== Provided data ==
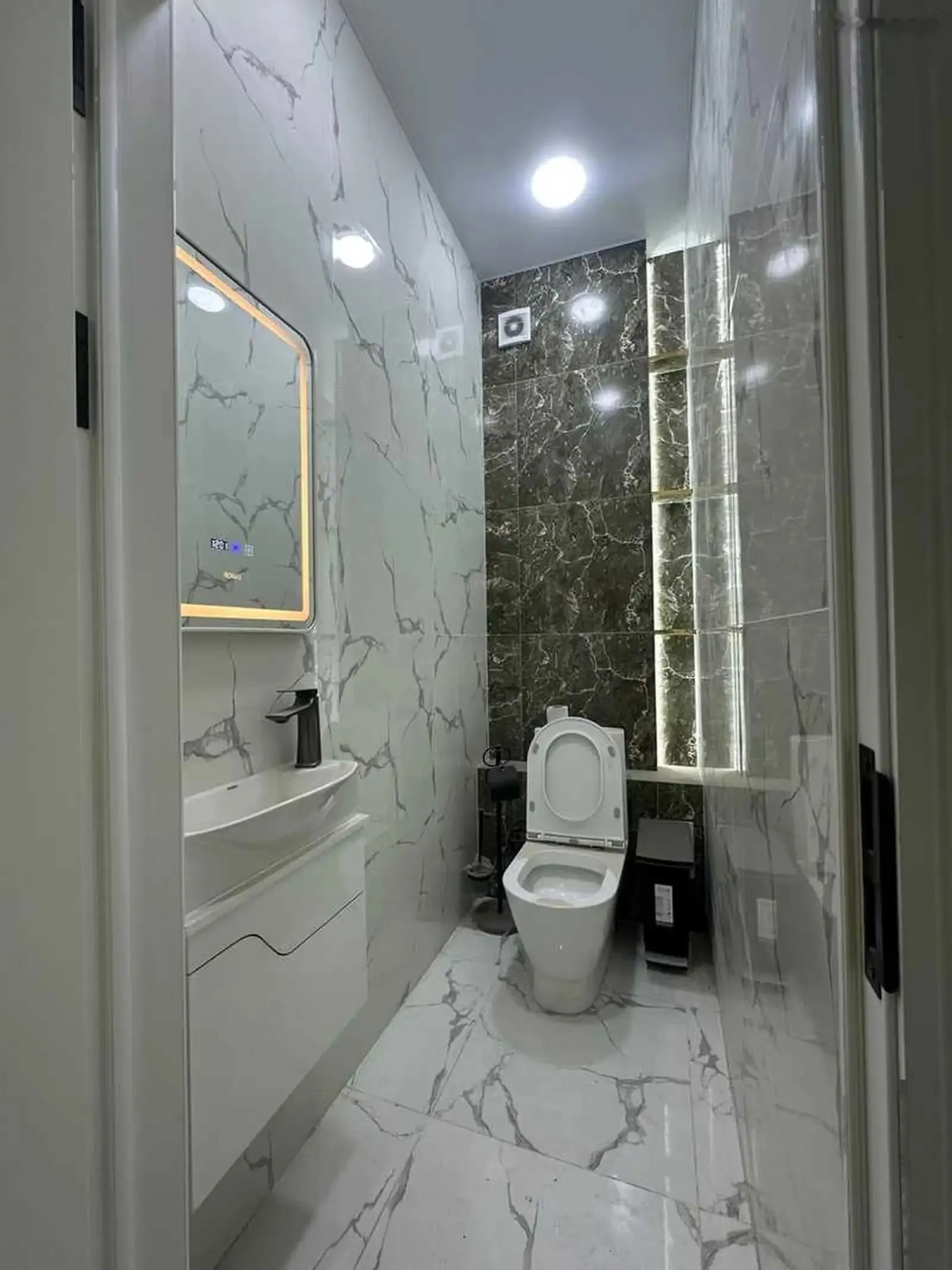 3-комн. квартира, 10 этаж, 100м², Шохмансур — фото 8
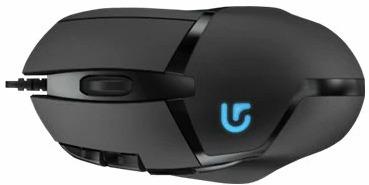 Productafbeelding Logitech G G402 Hyperion Fury (Bedraad)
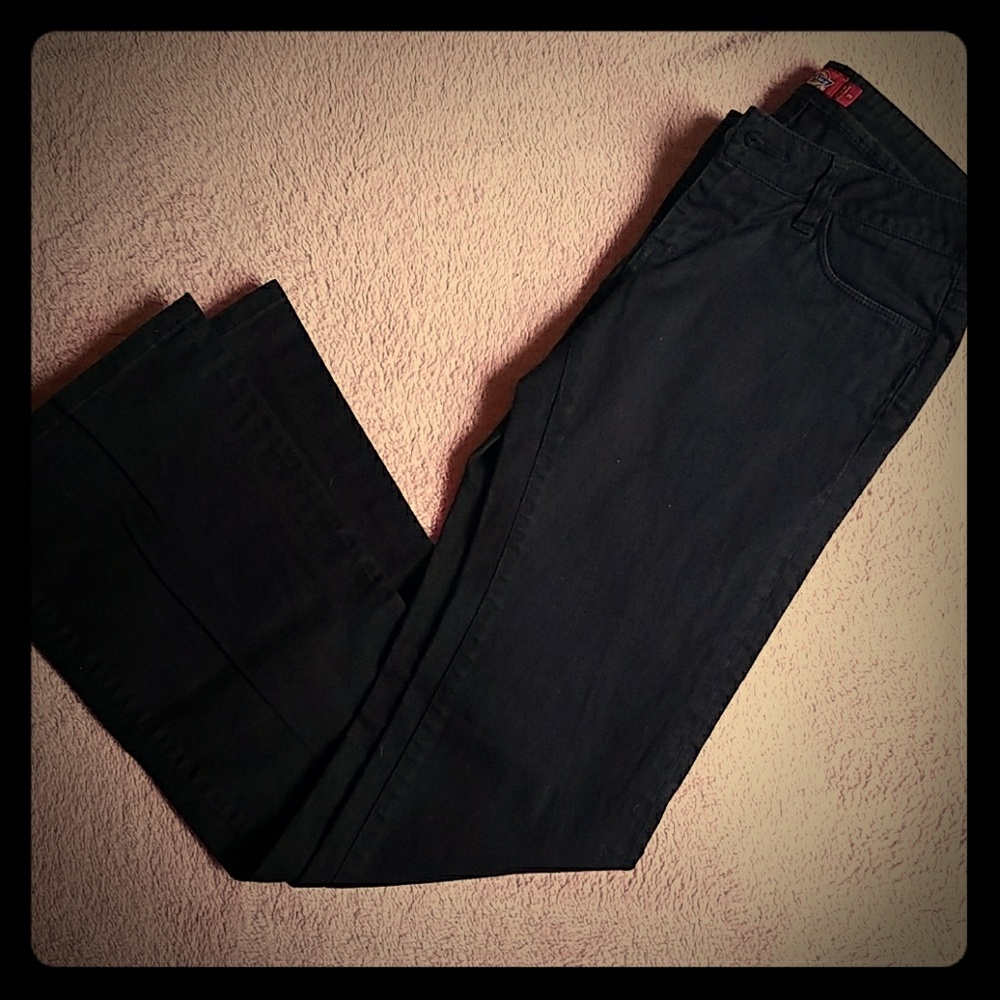 Black Dickies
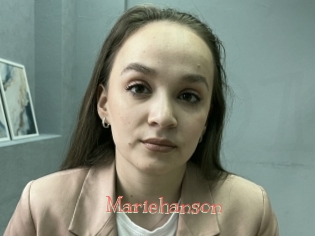 Mariehanson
===
■ Exercise goal:
Write out again every line above exactly as given; the pictures do not belong in the copy.

■ Task output:
 3-комн. квартира, 10 этаж, 100м², Шохмансур — фото 8
 Productafbeelding Logitech G G402 Hyperion Fury (Bedraad)
 Black Dickies
 Mariehanson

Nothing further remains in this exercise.